Lawsuit Intelligencer is an attorney-led editorial publication. The standards below describe how we operate. They apply to the editor and to every contributor, and they are public so that readers, journalists, and subjects of coverage can hold us to them.
Independence
Lawsuit Intelligencer does not accept payment in exchange for editorial coverage. We do not run sponsored articles, native advertising, or paid placements that resemble editorial content. We do not coordinate coverage with law firms, marketers, or vendors who may benefit from a particular framing.
The publication is owned and edited by David Meldofsky, who also operates Lawsuit Informer and Lawsuit Center. Coverage of those properties or related industry activity is disclosed in the relevant article. Coverage of competitors or critics of those properties is held to the same standard as any other piece, with the editor's relationship disclosed.
Accuracy
We aim for factual accuracy in every piece. Statements of fact about regulations, court rulings, statutes, statistics, and named parties are checked against primary sources before publication. When primary sources are not available, we use the most authoritative secondary source we can identify and attribute it. We do not invent quotes, attributions, statistics, or sources.
Statements of opinion, analysis, prediction, or argument are clearly distinguishable from statements of fact. Contributors are responsible for the reasoning in their analytical claims; the editor is responsible for whether the piece publishes.
Sourcing
Pieces draw on court filings, agency rulemaking records, bar opinions, statutes, peer-reviewed research, official statistics, named industry sources, and the work of other journalists and analysts. When we rely on another publication's reporting for a factual claim, we name the publication. When we rely on a court order, statute, or agency document, we identify it specifically enough that a reader can locate the source.
We do not pay sources for information. We do not promise sources favorable coverage in exchange for access.
Anonymous and background sources
Bylined contributors take responsibility for the people they cite. Anonymous attribution is used only when a source has a meaningful reason to fear professional, legal, or personal consequences from being named, and when the information is sufficiently important to publish without attribution. Anonymous attribution is never used to make claims about identifiable third parties without giving those parties an opportunity to respond.

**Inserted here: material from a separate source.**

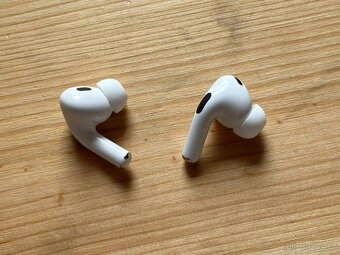 AirPods Pro 2 - málo používané - 7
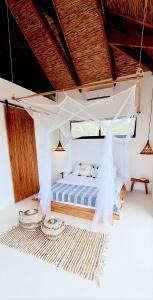 1 dormitorio con 1 cama con mosquitera en Karula Sand Villas - Coral Villa - Barra Beach, Inhambane, Mozambique, en Inhambane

We do not publish pieces in which the author is a pseudonym for an undisclosed party.
Disclosures
Authors writing about cases they are litigating, parties they represent, products they have a financial relationship with, or firms in which they hold an ownership or referral interest disclose that interest in a visible position at the top of the piece. Disclosure is not a license to write promotionally; it is a transparency obligation that runs alongside the underlying editorial standards.
The editor's affiliations — Lawsuit Informer, Lawsuit Center, and his California bar membership — are disclosed on the About page and in his byline. Specific case interests are disclosed on a per-piece basis where relevant.
AI policy
Contributors may use AI tools for research, drafting, summarization, and editing. The analysis, judgment, argument, and authorial voice in any published piece must be the contributor's own.
We do not publish pieces that are primarily AI-generated, pieces in which factual claims have not been verified by the human author, or pieces in which the author cannot speak fluently to the reasoning. AI is a writing tool, not a substitute for the contributor's expertise. Pieces we identify as primarily machine-produced are rejected.
Corrections
If a piece contains a factual error, we correct it. To report an error, email editor@lawsuitintelligencer.com with the URL of the piece and the specific factual issue.
Substantive corrections — misstated facts, misattributed quotes, mischaracterized legal holdings, errors in named parties — are made promptly. Each substantive correction is noted at the foot of the piece, dated, and describes what was changed. Typographical errors and minor formatting fixes are made silently.
If a correction materially changes the meaning of a piece, we say so at the top of the piece as well as the foot.
Right of reply
Subjects of coverage who believe a piece contains factual errors or material misrepresentations may request a correction or, where appropriate, a published response. We evaluate these requests on the merits. We do not retract accurate reporting, criticism, or analysis simply because a subject objects to it.
What is not legal advice
Nothing on Lawsuit Intelligencer is legal advice. Reading any piece, including pieces written by licensed attorneys, does not create an attorney-client relationship. Contributors discussing legal topics they have professional expertise in are sharing analysis, not counsel. People with active legal matters should consult retained attorneys.
Changes to these standards
These standards may be revised. Material revisions are dated at the top of this page. Earlier versions are available on request.